### What is being asked
Scan the records below. List lines holding "Retro".

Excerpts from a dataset
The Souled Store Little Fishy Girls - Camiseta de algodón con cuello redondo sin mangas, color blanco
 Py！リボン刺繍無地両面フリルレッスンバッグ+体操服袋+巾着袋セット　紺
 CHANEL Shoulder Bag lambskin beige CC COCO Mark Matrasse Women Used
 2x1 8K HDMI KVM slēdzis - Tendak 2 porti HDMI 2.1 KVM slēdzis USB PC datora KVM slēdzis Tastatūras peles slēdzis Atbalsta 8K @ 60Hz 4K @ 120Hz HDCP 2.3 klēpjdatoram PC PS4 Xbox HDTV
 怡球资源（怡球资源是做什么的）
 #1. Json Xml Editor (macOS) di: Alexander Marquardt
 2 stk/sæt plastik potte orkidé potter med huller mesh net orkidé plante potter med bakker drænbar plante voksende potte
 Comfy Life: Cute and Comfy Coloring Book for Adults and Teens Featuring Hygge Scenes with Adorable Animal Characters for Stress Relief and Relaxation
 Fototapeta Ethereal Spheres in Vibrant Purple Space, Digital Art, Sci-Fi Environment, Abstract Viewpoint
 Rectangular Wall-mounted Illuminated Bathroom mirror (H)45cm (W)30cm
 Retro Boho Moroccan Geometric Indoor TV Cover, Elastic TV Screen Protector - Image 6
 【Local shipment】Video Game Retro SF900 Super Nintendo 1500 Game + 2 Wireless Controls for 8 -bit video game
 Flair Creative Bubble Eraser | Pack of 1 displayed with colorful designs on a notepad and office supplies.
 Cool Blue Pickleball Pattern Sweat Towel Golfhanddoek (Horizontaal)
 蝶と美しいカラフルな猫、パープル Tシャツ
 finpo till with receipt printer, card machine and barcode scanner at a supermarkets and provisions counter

### Solution below
 Retro Boho Moroccan Geometric Indoor TV Cover, Elastic TV Screen Protector - Image 6
 【Local shipment】Video Game Retro SF900 Super Nintendo 1500 Game + 2 Wireless Controls for 8 -bit video game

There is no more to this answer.